Records from a data source:

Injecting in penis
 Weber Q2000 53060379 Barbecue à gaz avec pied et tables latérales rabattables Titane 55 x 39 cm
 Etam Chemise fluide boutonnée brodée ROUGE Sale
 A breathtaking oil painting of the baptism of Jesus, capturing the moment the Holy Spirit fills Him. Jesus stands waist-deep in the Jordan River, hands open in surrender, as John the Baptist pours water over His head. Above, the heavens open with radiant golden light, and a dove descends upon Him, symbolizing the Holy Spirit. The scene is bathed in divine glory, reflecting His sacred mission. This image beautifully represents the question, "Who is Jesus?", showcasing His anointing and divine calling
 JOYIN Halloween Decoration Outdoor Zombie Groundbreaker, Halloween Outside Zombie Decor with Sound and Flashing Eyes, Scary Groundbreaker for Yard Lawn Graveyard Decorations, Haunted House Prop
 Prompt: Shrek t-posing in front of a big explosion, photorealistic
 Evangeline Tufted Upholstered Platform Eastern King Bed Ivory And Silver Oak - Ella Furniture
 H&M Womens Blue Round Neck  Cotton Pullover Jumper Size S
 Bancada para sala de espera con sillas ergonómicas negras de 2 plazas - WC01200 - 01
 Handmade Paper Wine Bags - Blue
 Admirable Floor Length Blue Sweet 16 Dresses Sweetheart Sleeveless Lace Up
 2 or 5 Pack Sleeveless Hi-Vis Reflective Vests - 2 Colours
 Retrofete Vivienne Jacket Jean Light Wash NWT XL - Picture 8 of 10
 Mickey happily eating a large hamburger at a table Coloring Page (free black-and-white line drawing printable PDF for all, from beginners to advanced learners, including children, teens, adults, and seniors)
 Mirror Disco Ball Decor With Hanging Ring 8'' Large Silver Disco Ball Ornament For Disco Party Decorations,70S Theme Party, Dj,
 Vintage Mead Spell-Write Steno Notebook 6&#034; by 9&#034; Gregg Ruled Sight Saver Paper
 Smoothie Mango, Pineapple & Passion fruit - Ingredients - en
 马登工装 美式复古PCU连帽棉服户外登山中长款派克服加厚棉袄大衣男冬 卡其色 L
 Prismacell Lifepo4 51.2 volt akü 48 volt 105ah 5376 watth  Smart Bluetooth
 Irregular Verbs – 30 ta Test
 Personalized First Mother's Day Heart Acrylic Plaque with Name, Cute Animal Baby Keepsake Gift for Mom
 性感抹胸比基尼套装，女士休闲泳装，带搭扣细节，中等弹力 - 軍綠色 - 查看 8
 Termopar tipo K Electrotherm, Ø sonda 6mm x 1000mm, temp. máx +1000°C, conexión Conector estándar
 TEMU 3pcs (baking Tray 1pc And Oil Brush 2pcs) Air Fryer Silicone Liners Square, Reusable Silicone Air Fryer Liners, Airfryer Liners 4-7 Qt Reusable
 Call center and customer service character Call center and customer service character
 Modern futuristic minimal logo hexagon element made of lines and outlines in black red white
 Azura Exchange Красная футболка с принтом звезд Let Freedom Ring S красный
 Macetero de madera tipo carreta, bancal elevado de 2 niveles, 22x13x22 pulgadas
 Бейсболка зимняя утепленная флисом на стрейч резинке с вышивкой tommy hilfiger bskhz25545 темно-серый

How to complete this task: Output every record verbatim.

Expected answer:
Injecting in penis
 Weber Q2000 53060379 Barbecue à gaz avec pied et tables latérales rabattables Titane 55 x 39 cm
 Etam Chemise fluide boutonnée brodée ROUGE Sale
 A breathtaking oil painting of the baptism of Jesus, capturing the moment the Holy Spirit fills Him. Jesus stands waist-deep in the Jordan River, hands open in surrender, as John the Baptist pours water over His head. Above, the heavens open with radiant golden light, and a dove descends upon Him, symbolizing the Holy Spirit. The scene is bathed in divine glory, reflecting His sacred mission. This image beautifully represents the question, "Who is Jesus?", showcasing His anointing and divine calling
 JOYIN Halloween Decoration Outdoor Zombie Groundbreaker, Halloween Outside Zombie Decor with Sound and Flashing Eyes, Scary Groundbreaker for Yard Lawn Graveyard Decorations, Haunted House Prop
 Prompt: Shrek t-posing in front of a big explosion, photorealistic
 Evangeline Tufted Upholstered Platform Eastern King Bed Ivory And Silver Oak - Ella Furniture
 H&M Womens Blue Round Neck  Cotton Pullover Jumper Size S
 Bancada para sala de espera con sillas ergonómicas negras de 2 plazas - WC01200 - 01
 Handmade Paper Wine Bags - Blue
 Admirable Floor Length Blue Sweet 16 Dresses Sweetheart Sleeveless Lace Up
 2 or 5 Pack Sleeveless Hi-Vis Reflective Vests - 2 Colours
 Retrofete Vivienne Jacket Jean Light Wash NWT XL - Picture 8 of 10
 Mickey happily eating a large hamburger at a table Coloring Page (free black-and-white line drawing printable PDF for all, from beginners to advanced learners, including children, teens, adults, and seniors)
 Mirror Disco Ball Decor With Hanging Ring 8'' Large Silver Disco Ball Ornament For Disco Party Decorations,70S Theme Party, Dj,
 Vintage Mead Spell-Write Steno Notebook 6&#034; by 9&#034; Gregg Ruled Sight Saver Paper
 Smoothie Mango, Pineapple & Passion fruit - Ingredients - en
 马登工装 美式复古PCU连帽棉服户外登山中长款派克服加厚棉袄大衣男冬 卡其色 L
 Prismacell Lifepo4 51.2 volt akü 48 volt 105ah 5376 watth  Smart Bluetooth
 Irregular Verbs – 30 ta Test
 Personalized First Mother's Day Heart Acrylic Plaque with Name, Cute Animal Baby Keepsake Gift for Mom
 性感抹胸比基尼套装，女士休闲泳装，带搭扣细节，中等弹力 - 軍綠色 - 查看 8
 Termopar tipo K Electrotherm, Ø sonda 6mm x 1000mm, temp. máx +1000°C, conexión Conector estándar
 TEMU 3pcs (baking Tray 1pc And Oil Brush 2pcs) Air Fryer Silicone Liners Square, Reusable Silicone Air Fryer Liners, Airfryer Liners 4-7 Qt Reusable
 Call center and customer service character Call center and customer service character
 Modern futuristic minimal logo hexagon element made of lines and outlines in black red white
 Azura Exchange Красная футболка с принтом звезд Let Freedom Ring S красный
 Macetero de madera tipo carreta, bancal elevado de 2 niveles, 22x13x22 pulgadas
 Бейсболка зимняя утепленная флисом на стрейч резинке с вышивкой tommy hilfiger bskhz25545 темно-серый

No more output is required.